Inilah puasa yang hakiki, seperti yang dikenal oleh orang-orang yang hati dan jiwanya bersih. Puasa adalah pembersihan di atas pembersihan.

Janganlah kita berpuasa jika dalam puasa itu kita hanya mendapatkan lapar dan dahaga, tanpa mendapat pahala atau kedekatan dengan Allah.

Orang awam atau orang kebanyakan akan segera berbuka bila waktu berbuka telah tiba. Tetapi orang yang ruhaninya ikut berpuasa, tidak akan pernah berhenti berpuasa secara ruhani, walaupun secara fisik ia juga berbuka sepertti yang dilakukan oleh kebanyakan orang, apabila telah datang waktu berbuka.

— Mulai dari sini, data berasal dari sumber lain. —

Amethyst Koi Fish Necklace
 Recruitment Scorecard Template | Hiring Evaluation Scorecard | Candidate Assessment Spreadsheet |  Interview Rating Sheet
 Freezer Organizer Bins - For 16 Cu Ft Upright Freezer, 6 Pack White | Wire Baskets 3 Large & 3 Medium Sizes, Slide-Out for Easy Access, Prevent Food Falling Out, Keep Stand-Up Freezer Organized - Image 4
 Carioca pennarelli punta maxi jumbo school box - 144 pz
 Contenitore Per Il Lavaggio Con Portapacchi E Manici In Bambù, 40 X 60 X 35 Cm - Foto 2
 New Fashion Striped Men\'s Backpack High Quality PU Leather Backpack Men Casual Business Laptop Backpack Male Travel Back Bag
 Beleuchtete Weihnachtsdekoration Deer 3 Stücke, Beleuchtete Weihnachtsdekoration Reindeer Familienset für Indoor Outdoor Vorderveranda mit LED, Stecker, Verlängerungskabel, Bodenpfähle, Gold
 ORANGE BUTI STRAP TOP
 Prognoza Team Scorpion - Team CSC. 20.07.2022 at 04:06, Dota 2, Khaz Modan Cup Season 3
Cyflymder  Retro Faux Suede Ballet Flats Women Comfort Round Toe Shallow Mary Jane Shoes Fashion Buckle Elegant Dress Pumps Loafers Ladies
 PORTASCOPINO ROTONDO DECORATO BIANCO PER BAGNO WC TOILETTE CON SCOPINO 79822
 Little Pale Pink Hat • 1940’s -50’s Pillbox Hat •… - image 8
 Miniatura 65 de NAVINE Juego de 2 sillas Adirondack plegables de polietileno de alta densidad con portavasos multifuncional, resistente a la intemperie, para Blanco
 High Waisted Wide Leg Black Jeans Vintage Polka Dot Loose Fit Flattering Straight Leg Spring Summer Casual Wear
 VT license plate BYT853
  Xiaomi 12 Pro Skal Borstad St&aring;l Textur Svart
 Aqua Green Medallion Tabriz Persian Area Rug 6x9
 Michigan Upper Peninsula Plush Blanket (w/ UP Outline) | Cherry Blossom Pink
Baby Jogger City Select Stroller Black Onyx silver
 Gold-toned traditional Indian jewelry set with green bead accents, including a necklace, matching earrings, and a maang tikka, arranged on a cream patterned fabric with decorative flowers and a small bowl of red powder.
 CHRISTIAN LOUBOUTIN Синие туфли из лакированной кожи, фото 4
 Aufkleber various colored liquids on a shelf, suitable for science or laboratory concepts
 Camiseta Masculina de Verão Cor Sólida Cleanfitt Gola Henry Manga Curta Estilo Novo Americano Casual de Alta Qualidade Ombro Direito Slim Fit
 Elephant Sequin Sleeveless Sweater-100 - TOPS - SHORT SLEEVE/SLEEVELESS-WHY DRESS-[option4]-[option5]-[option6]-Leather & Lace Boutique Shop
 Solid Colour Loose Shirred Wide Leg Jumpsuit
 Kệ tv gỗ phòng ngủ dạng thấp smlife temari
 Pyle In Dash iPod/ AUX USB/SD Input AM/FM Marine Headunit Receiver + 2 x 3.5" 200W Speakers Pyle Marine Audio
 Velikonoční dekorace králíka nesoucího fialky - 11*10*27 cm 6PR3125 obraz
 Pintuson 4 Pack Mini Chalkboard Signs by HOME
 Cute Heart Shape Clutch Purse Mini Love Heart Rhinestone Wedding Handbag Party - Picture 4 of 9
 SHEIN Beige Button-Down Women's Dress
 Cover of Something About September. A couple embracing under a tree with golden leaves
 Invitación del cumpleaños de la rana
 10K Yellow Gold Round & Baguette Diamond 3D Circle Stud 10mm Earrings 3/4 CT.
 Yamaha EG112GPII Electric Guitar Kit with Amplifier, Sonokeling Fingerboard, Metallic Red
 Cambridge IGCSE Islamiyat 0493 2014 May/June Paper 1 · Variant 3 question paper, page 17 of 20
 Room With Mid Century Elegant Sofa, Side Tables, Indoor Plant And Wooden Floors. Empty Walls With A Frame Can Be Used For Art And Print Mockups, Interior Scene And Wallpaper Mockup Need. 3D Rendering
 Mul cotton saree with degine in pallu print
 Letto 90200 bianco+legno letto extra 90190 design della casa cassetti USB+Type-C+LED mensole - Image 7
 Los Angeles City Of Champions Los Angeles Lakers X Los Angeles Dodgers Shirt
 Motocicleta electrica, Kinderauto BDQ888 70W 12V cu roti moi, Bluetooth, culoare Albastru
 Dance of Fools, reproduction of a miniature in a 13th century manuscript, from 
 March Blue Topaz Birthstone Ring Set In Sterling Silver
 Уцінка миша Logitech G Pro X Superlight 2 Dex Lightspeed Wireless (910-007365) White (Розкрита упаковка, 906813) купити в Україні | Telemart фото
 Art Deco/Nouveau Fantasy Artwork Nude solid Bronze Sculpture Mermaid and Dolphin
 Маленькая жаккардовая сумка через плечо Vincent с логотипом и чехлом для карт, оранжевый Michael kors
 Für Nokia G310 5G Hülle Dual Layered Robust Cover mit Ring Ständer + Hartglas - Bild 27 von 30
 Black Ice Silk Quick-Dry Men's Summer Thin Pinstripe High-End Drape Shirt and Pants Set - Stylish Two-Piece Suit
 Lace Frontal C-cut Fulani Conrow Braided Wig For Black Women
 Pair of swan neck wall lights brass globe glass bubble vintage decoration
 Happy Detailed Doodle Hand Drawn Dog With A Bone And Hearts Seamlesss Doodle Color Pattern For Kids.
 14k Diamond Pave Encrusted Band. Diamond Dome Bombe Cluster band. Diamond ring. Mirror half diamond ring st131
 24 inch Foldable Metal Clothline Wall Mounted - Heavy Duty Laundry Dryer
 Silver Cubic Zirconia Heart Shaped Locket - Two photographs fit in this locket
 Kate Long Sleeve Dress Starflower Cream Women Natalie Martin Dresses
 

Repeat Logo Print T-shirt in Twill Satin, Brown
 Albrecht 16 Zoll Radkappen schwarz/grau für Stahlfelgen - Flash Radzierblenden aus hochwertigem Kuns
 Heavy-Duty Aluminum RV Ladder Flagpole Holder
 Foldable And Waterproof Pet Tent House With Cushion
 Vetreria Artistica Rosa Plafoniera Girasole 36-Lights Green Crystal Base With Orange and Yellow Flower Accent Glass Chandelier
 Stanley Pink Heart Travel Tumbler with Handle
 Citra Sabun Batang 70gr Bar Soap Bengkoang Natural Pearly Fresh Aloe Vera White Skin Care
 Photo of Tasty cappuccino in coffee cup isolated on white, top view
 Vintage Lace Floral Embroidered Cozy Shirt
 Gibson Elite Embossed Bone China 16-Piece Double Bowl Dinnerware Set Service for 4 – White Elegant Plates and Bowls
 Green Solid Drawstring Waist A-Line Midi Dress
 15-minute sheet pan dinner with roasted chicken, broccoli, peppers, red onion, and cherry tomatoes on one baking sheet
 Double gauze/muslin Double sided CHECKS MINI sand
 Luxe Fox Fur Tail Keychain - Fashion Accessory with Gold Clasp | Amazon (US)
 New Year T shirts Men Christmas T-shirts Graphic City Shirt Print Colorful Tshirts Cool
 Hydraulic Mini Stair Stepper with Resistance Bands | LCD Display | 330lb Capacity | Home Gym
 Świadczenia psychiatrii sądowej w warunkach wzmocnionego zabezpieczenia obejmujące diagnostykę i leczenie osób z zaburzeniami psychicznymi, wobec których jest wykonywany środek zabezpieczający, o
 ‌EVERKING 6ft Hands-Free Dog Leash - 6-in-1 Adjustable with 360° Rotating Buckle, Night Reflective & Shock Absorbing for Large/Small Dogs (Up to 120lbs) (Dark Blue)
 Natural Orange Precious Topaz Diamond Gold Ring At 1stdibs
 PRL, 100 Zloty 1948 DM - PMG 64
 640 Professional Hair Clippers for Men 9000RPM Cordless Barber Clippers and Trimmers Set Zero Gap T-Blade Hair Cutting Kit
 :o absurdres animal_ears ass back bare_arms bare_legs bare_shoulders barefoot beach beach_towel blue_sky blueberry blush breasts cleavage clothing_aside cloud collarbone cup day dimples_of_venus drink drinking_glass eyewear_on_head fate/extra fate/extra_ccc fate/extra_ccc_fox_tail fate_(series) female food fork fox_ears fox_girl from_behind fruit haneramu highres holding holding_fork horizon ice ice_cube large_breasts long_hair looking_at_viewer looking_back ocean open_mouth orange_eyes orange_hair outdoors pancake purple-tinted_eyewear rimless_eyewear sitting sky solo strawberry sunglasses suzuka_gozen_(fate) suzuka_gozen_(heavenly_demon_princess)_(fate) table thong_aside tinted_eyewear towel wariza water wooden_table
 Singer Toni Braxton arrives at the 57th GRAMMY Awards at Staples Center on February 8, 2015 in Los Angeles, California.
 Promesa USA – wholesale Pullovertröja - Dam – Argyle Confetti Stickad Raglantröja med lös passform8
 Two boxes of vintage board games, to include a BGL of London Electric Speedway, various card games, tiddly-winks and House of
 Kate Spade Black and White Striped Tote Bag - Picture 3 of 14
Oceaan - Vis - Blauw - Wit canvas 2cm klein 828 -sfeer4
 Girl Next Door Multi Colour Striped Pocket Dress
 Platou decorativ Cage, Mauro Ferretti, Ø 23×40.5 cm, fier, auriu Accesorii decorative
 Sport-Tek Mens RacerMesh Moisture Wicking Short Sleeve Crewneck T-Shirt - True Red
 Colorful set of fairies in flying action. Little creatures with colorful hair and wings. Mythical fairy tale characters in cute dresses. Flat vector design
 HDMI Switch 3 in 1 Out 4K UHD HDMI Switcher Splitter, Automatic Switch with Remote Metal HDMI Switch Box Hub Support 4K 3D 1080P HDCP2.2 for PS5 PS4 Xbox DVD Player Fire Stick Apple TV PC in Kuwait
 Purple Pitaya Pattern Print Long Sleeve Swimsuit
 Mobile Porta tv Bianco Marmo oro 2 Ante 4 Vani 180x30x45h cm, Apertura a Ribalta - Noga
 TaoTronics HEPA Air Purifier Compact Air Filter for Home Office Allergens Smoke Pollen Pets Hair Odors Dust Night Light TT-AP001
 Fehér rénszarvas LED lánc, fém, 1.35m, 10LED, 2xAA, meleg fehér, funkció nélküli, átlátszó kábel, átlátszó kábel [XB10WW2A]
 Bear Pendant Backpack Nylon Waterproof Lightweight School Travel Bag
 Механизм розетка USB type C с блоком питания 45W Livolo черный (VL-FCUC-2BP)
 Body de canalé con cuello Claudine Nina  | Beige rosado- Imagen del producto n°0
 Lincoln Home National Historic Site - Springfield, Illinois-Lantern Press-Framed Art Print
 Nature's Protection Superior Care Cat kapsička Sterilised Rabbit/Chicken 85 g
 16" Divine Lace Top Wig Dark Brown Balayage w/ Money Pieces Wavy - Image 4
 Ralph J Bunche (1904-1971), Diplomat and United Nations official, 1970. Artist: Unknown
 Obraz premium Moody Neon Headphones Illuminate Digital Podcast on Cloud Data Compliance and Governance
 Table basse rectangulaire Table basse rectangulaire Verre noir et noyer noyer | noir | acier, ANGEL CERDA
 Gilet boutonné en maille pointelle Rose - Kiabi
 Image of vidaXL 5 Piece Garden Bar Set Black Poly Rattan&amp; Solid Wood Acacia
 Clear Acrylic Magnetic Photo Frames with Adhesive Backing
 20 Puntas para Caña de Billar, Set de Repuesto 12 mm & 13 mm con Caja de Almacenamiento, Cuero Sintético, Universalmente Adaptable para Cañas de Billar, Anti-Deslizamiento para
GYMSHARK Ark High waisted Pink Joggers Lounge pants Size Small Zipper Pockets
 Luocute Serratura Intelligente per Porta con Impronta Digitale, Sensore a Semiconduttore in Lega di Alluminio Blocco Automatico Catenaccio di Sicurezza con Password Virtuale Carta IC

 Inilah orang yang membersihkan panca indera dan fikirannya dari perbuatan perbuatan maksiat dan dosa, dan menahan tangan dan lidahnya dari perbuatan atau kata kata yang menyakitkan hati orang lain.

Puasa adalah ibadah yang dilakukan untuk Allah. Dan Dialah yang memberi ganjaran kepada orang-orang yang berpuasa,

seperti yang termaktub dalam  sebuah hadits Qudsi, yuang artinya,

Hamba-Ku telah berpuasa karena Aku, maka Akulah sendiri yang akan memberikan ganjarannya. Tentu itu adalah suatu keutamaan dari Allah Swt. Untuk orang orang yang berpuasa wajib, terlebih lagi jika puasa itu adalah puasa tatawwu’.

Kemudian orang yang berpuasa itu akan menerima dua kegembiraan, sebagaimana bunyi Hadis Nabi Saw, yaitu kegembiraan ketika ia  berbuka puasa dan kegembiraan ketika ia menemui Tuhannya. Bunyi sabda ini sangat tepat, karena orang yang tidak kuat imannya, akan kesulitan melaksanakan puasanya dengan baik.